Riscos – Alguns cientistas observam que manipular o clima em uma parte do mundo poderia ter consequências em outros lugares. Por isso, dizem eles, qualquer ação desse tipo deveria ser feita em escala global com um acordo internacional.
A alteração do clima de outro país é até mesmo classificado como um crime de guerra de acordo com a Convenção de Genebra de 1976.
O professor Paul Nightingale, do departamento de pesquisas em políticas de ciência e tecnologia da Universidade de Sussex, na Grã-Bretanha, diz que não há atualmente uma infraestrutura montada para que tais decisões sejam tomadas sobre o clima global.
Rose Cairns, também da Universidade de Sussex, escreveu um relatório para o Economic and Social Research Council (ESRC) sobre o tema. Ela diz que uma questão é que a geoengenharia permanece um termo extremamente ambíguo, porque a tecnologia é muito ampla.
Aspergir aerossóis na estratosfera, por exemplo, poderia ser “altamente polêmico”, enquanto um projeto global para plantar árvores causaria muito menos furor.
Zona de perigo? – Como acontece com qualquer nova tecnologia, os efeitos colaterais imprevisíveis da geoengenharia não devem ser descartados.
Por exemplo, além de qualquer benefício que poderia haver, acredita-se que espalhar aerossóis de enxofre poderiam esgotar o ozônio atmosférico e exacerbar o risco de secas, particularmente na Ásia e na África, onde poderia afetar as monções.
Outra vez, o problema recai sobre os tomadores de decisões. “Quem vai decidir o que constitui uma emergência tão séria para permitir a mudança da temperatura do planeta?”, questiona Cairns.
“Quem tomaria esse tipo de decisão, levando em consideração que algumas dessas tecnologias arriscam, por exemplo, afetar as monções e os padrões de chuva?”, diz.
Outra questão é que uma vez que a geoengenharia se torne uma opção, pode tirar a sensação de urgência de se reduzir as emissões de CO2.
“Nesse sentido, conceitualmente, é bem perigoso até mesmo ter essa opção sobre a mesa”, afirma Cairns.

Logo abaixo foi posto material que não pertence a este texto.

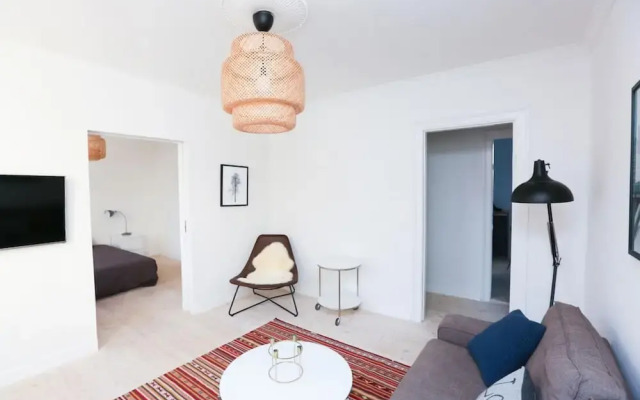 Beautiful Two-bed Apartment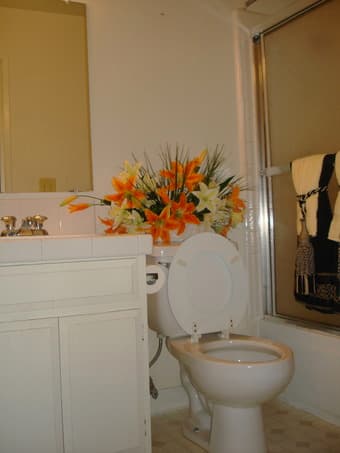 $750 Furnished Room, no extra bills .... 2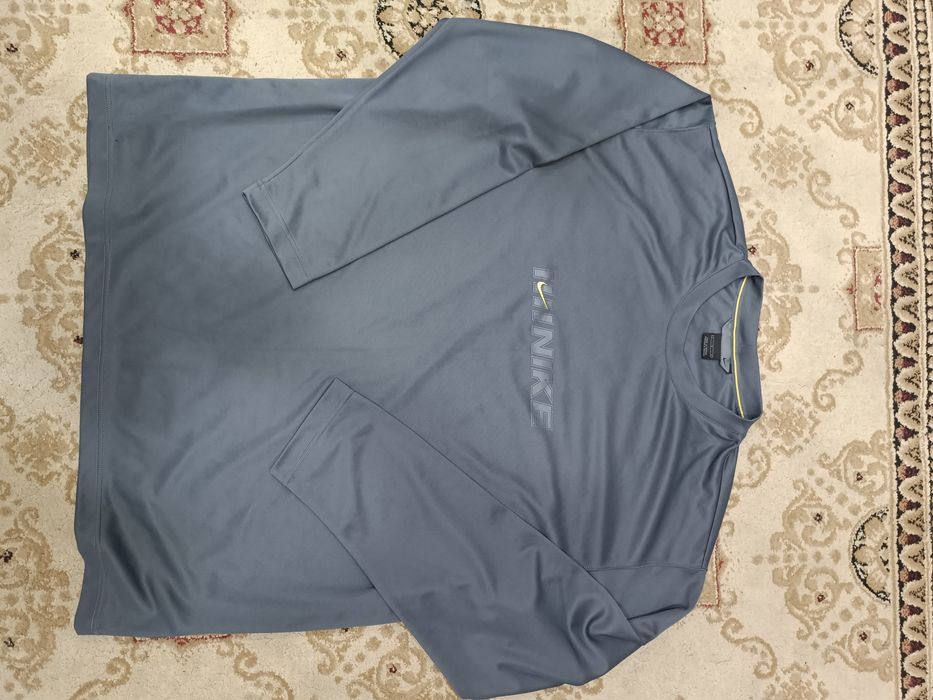 Оригинальный лонгслив Nike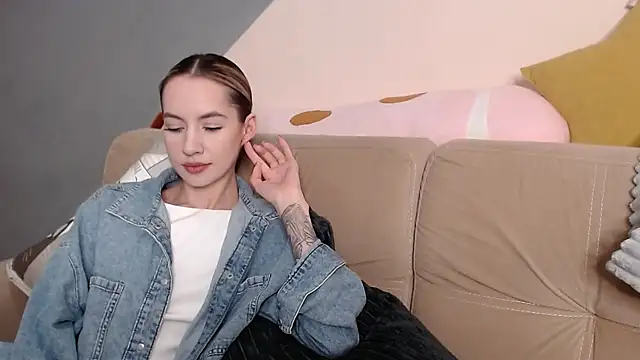 AmbrielHailey online show from November 7, 3:44 am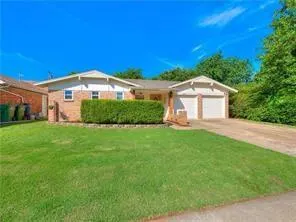 Front exterior — 218 Tanglewood Drive, Yukon, OK 73099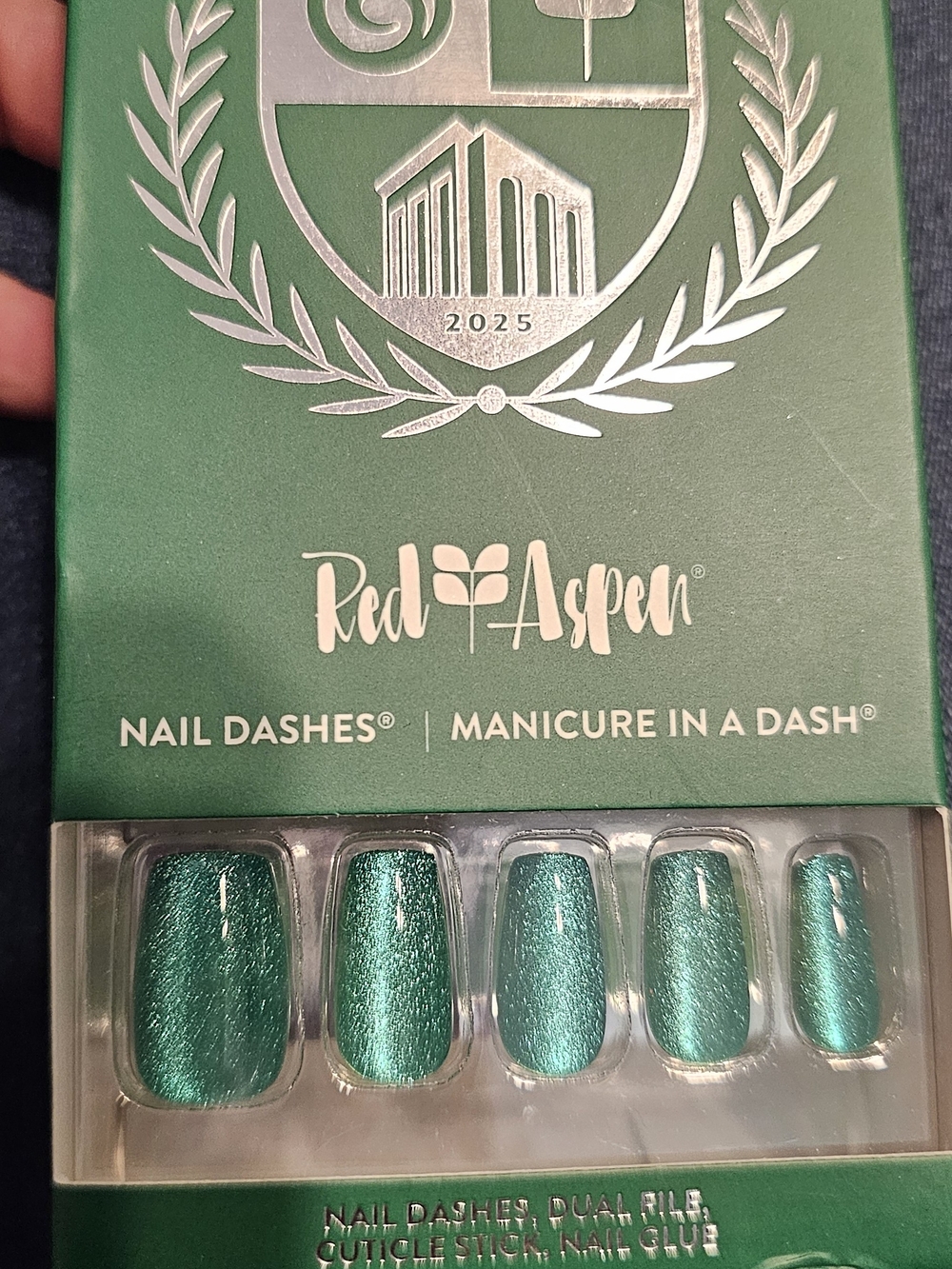 Red Aspen Emerald Green Press-On Nail Dashes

Custos – Outro fator importante é o custo considerável de usar novas tecnologias em uma escala global.
Apesar de os custos financeiros poderem ser menores que o custo da falta de ação, Nightingale diz que seria melhor gastar o dinheiro em tornar a produção de energia mais limpa.
“A termodinâmica de tirar o CO2 do ar é muito mais cara do que tirar o CO2 dos escapamentos e das usinas”, explica.
“Parece uma série de tecnologias muito cara, complicada e arriscada para se considerar quando já temos várias tecnologias que são ambientalmente benignas”, diz.
Prazos – Por ora, somente testes de geoengenharia de pequena escala podem ser feitos, desde que não afetem a biodiversidade, numa regra determinada pela Convenção da ONU sobre Biodiversidade, de 2010.
A limitação foi em parte consequência do forte lobby do grupo ambientalista internacional ETC. Eles dizem que a sua maior preocupação era “o controle internacional dos sistemas planetários: nossa água, nossa terra e nosso ar”.
Eles também expressaram preocupação de que Estados mais ricos poderiam ver isso como “um conserto rápido e barato para as mudanças climáticas”, deixando o combate das atuais questões climáticas sem recursos.
Andy Ridgwell, professor da Universidade de Bristol, na Grã-Bretanha, observa porém que já estamos afetando a biodiversidade “jogando carbono na atmosfera”.
Mas ele diz que é mais provável que “nós sigamos nos adaptando” do que tenhamos projetos de geoengenharia de larga escala no futuro próximo.
“A não ser que as camadas de gelo derretam, não vejo um ponto no qual tenhamos ultrapassado um limite fundamental no qual os maiores emissores do mundo concordem de repente que precisamos fazer algo”, diz Ridgwell.
“Considerando que a geoengenharia precisaria de um acordo internacional, suspeito que as temperaturas continuarão subindo e que as pessoas terão de se adaptar”, observa.
Shepherd concorda que estamos longe de fazer qualquer coisa “além de discutir e pesquisar”. Mas ele acrescenta que a geoengenharia seria a única forma de realmente reverter as mudanças climáticas.
“O controle das emissões nunca reverterão isso. Estamos fazendo o que é essencialmente uma mudança irreversível no clima em escala de tempo humano. O planeta ainda está desbalanceado e os oceanos ainda estão se aquecendo”, diz.